Deploy and Operate

This section covers deploying Orloj to any environment and running it in production.

Deployment Targets

Choose a deployment path based on your environment:

Target	Best For	Persistence	Process Management	Scope
Local	Development and rapid iteration	Optional (`memory` or Postgres)	terminal or Docker Compose	single operator machine
VPS	Single-node production-style self-hosting	Postgres volume	systemd + Docker Compose	small internal workloads
Kubernetes	Cluster-based operations and lifecycle controls	PVC-backed Postgres	Kubernetes deployments	platform-managed environments

Deployment runbooks:

Local Deployment
VPS Deployment (Compose + systemd)
Kubernetes Deployment (Helm + Manifest Fallback)
Remote CLI and API access -- tokens, orlojctl profiles, and config.json after you expose the control plane

Hosted Stack, Local CLI

When the control plane runs in Compose, Kubernetes, or GHCR images, install orlojctl alone on the machine you use to operate the cluster: download the orlojctl_* archive for your OS and arch from GitHub Releases (see Install: CLI only for hosted deployments).

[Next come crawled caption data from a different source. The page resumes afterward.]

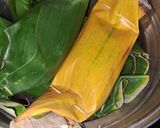 Foto langkah ke 5 dari resep "Pepes Pindang-Tahu".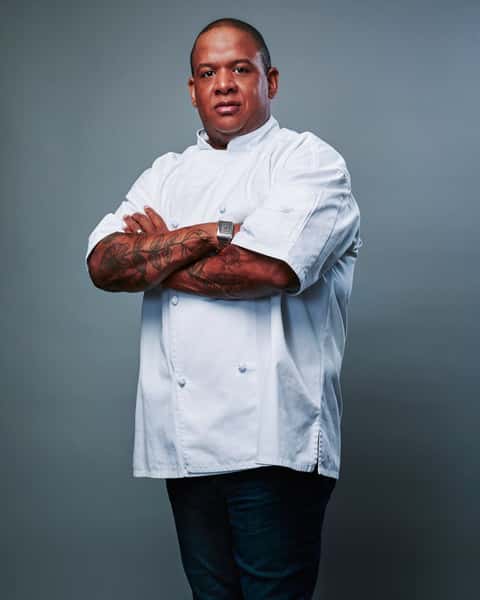 Chef Todd Richards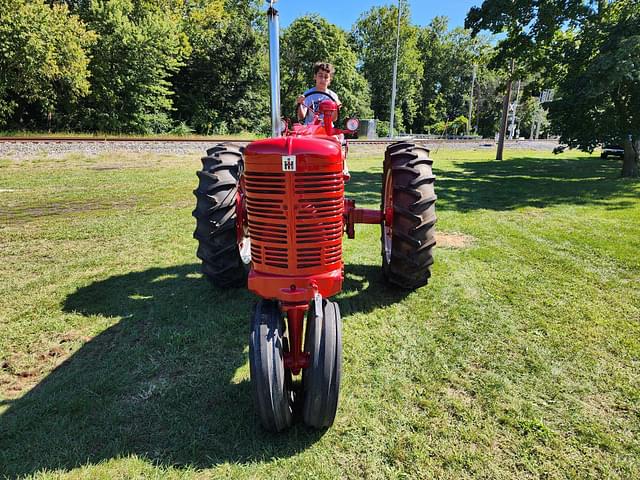 Image of Farmall Super MD equipment image 3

Then follow Remote CLI and API access for --server, tokens, and optional profiles.

Day-to-Day Operations

Configuration -- flags, environment variables, and runtime tuning
Runbook -- startup, verification, and incident response
Security and Isolation -- secrets, auth, and network hardening
Upgrades and Rollbacks -- version migration procedures
Troubleshooting -- common issues and debugging

Observability

Observability -- OpenTelemetry tracing, Prometheus metrics, structured logging
Monitoring and Alerts -- alerting rules and dashboards
Backup and Restore -- data protection procedures

Security Defaults

Rotate default secrets before non-local use.
Restrict network exposure to required interfaces.
Keep API auth strategy explicit for each target.
After deployment, configure remote CLI access (API tokens, env vars, optional orlojctl config profiles).